New York University officials are speaking out after an “insensitive” Black History Month meal made headlines last week, the fallout from which has sparked intense debate among students on campus.

NYU’s Center for Multicultural and Educational Programming hosted a talk Friday, Feb. 24, with the Governance Council of Minority and Marginalized Students to discuss countless issues relating to Aramark, the university’s food service provider, NYU Local reported.

Last week, the company chose to suspend and subsequently fire the head chef and an operations manager after they decided to serve a controversial dinner replete with ribs, collard greens, macaroni and cheese, watermelon-flavored water and Kool-aid to honor Black History Month. The meal sparked outrage among African-American students, and even university president Andrew Hamilton, who called it insensitive.

The employees, who were both white, were terminated without conversation with NYU, according to the newspaper.

“… Part of the reason that management at Aramark decided to fire the head chef and the manager is because they sent out a correspondence to all Aramark employees stating that you cannot, and must not change the menu based on arbitrary decision–making processes locally,” NYU Chief Diversity Officer Lisa Coleman said.

“You have them [the menus] vetted through whatever institution and through head corp,” Coleman added. “They didn’t do that.
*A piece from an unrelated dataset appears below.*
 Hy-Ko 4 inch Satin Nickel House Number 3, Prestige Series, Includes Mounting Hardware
The management on site made a decision to frame this soul food menu, so that is why Aramark decided to fire them.”

At one point in the discussion, the panel, which gave student groups the chance to speak with university officials, asked students what they would like to hear in a statement from Hamilton after students complained that his apology over the incident was too vague.

“I want — the people who were fired — I want it be clarified who they were, what their positions were, that they were not people of color, because that is a big misconception,” sophomore Nia Harris told the panel. “I want him to state that on this campus he values Black students.”
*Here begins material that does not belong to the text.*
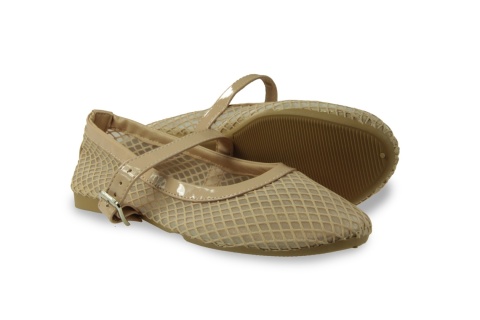 Baleriny damskie z siatką Evento 26BL02-9968 beż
It was initially reported that the two workers involved were Black, sparking reactions from critics who suggested the firings were the result of Black students being too sensitive and “caring too much” about what others think. Others argued that the meal was fine, minus the watermelon water and Kool-aid.
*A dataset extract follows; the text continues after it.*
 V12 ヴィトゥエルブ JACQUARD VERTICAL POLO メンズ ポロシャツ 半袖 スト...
Students also made clear that they never called for the employees’ firings. Coleman backed the students’ claims, saying in a recent investigatory meeting, they “… explicitly requested that we protect and make certain that there would not be a course of action against the cooks and the frontline staff.”

Kayla Eubanks, another student dissatisfied with the president’s apology, said she’d like his statement to say that what happened was wrong and that officials are on the side of the students.

NYU’s Black Student Union released a statement in response to the offensive dinner.

“To reiterate: watermelon, the fruit, is not the issue,” their statement read. “The issue is that someone went out of their way to purchase out-of-season watermelon to serve at a meal designed to celebrate Black students and their culture … NYU needs to begin asking the membership of the [BSU] and the memberships of various Black student organizations how we’d like to see NYU celebrate Black History Month as well as be open to adapting to the times as they change.”